Key insight: Most distributions are asymmetric. Projects usually overrun more than they underrun. Revenue upside often exceeds downside. Recognizing this asymmetry changes planning.
Application: When someone gives you a confident point estimate, ask: "What's the range? What's the 10th percentile worst case and 90th percentile best case?" This forces acknowledgment of uncertainty.
3. Update Beliefs from Evidence (Bayesian Updating)
Thomas Bayes provided the mathematical framework. The intuition: Start with a prior belief. Encounter evidence. Update your belief proportionally to how diagnostic that evidence is.
Formula intuition (not full math):
Posterior probability = Prior probability × (Evidence strength / Base rate)
Example - Evaluating a new hire's performance after Month 1:
Prior: Based on interview/references, 70% confident they'll succeed
Evidence observed: Strong Month 1 performance (completes projects, positive feedback)
Question: How much should this update your confidence?
Key factor: How diagnostic is "strong Month 1"?
- If 90% of eventual high-performers have strong Month 1, but also 40% of eventual low-performers have strong Month 1 (honeymoon effect), then strong Month 1 is only moderately diagnostic
- Your confidence might update to 80% (not 95%)
Contrast - Wrong update pattern:
- Binary thinker: "Strong Month 1! I was right, they're definitely great" (jumps to 100%)
- Bayesian thinker: "Strong Month 1 is evidence, but not overwhelming evidence given base rates" (updates to 80%)
General principle: Update incrementally based on evidence strength. Don't swing from 50% to 95% on weak evidence. Don't stay at 50% when strong evidence arrives.
4. Track Calibration
Calibration means your confidence levels match reality. If you say "70% confident" across 100 predictions, roughly 70 should occur.
Philip Tetlock's superforecasters excel at calibration. They don't have secret information—they're just better at assessing their own uncertainty.
How to build calibration:
- Make probability estimates (not just predictions)
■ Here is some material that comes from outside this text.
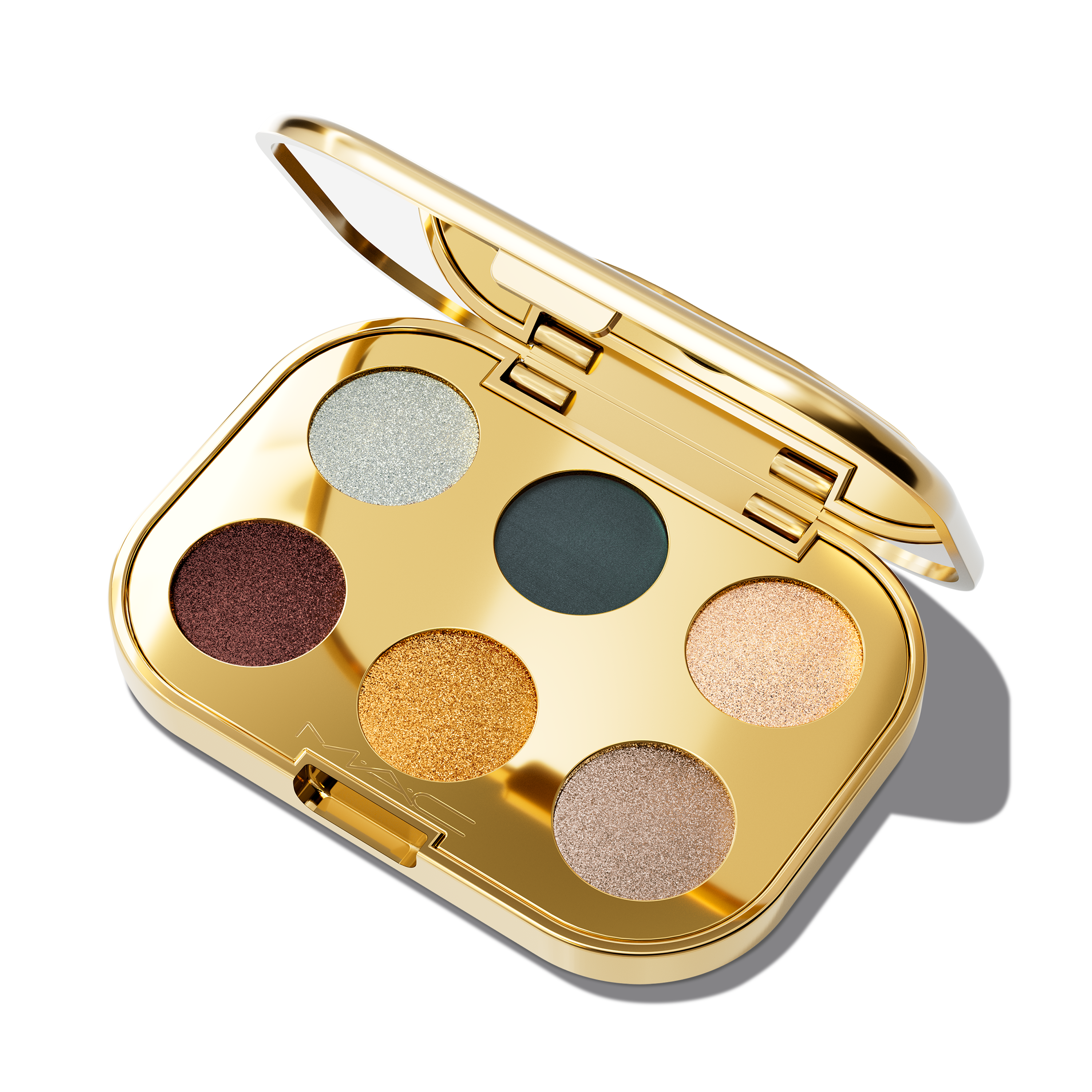 オール ザ リッチ ェズ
- Record them (you can't improve without data)
- Check outcomes
- Calculate calibration error
Example tracking:
| Prediction | Your Confidence | Outcome | Result |
|---|---|---|---|
| Candidate A succeeds | 80% | Success | Correct |
| Feature increases conversions | 60% | No increase | Correct (you said 60%, not certain) |
| Project finishes in 3 weeks | 90% | Took 5 weeks | Overconfident |
| Partnership succeeds | 50% | Success | Correct (coin flip) |
After 50-100 tracked predictions, patterns emerge:
- Are your 70% predictions actually 70%? Or more like 50%?
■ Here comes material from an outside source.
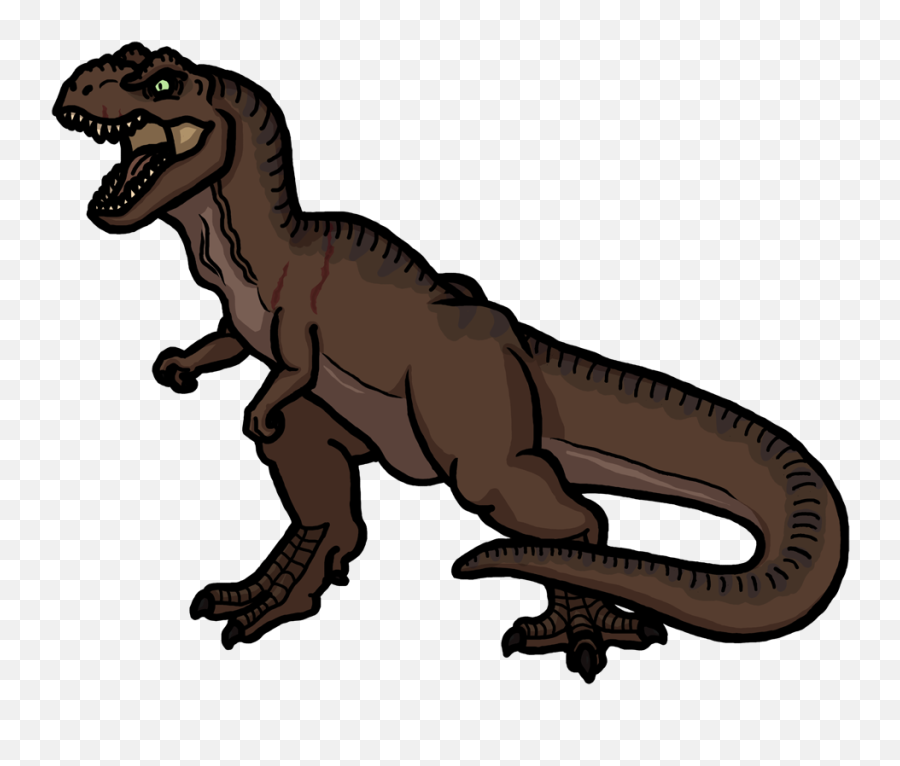 Brachiosaurus Argentinosaurus Dinosaur Size Amphicoelias - Jurassic Park Tyrannosaurus Cartoon Transparent Png,Brachiosaurus Png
- Are you systematically overconfident? Underconfident?
- Which domains are you well-calibrated in vs. poorly calibrated?
Result: Your probability estimates become increasingly accurate, which directly improves decision quality.
5. Consider Base Rates
Base rate: The general frequency of an event in the reference class.
Most people ignore base rates (called the base rate fallacy). They focus on specific details while ignoring the statistical foundation.
Classic example: Startup success rates
Specific thinking: "This founder is smart, the idea is good, the market is large → high chance of success"
Probabilistic thinking: "Base rate: ~10% of VC-backed startups return capital. Even with positive signals, maybe 20-30% chance of success."
Why base rates matter: They're your prior probability before considering specific evidence. Specific evidence adjusts this prior, but rarely by as much as people think.
| Scenario | Base Rate | Specific Evidence | Reasonable Posterior |
|---|---|---|---|
| Startup success | 10% | Strong team, validated problem | 25-35% |
| New product success | 40% (industry average) | Extensive testing, pilot success | 60-70% |
| Candidate success | 50% (historical rate for role) | Great interview, strong references | 70-80% |
| Medical diagnosis | 1% prevalence | Positive test (90% accurate) | ~10% (not 90%!) |
Notice the medical diagnosis case: Even with a highly accurate test, a positive result only raises probability from 1% to ~10% because the base rate is so low. This is why probabilistic thinking matters—intuition fails here.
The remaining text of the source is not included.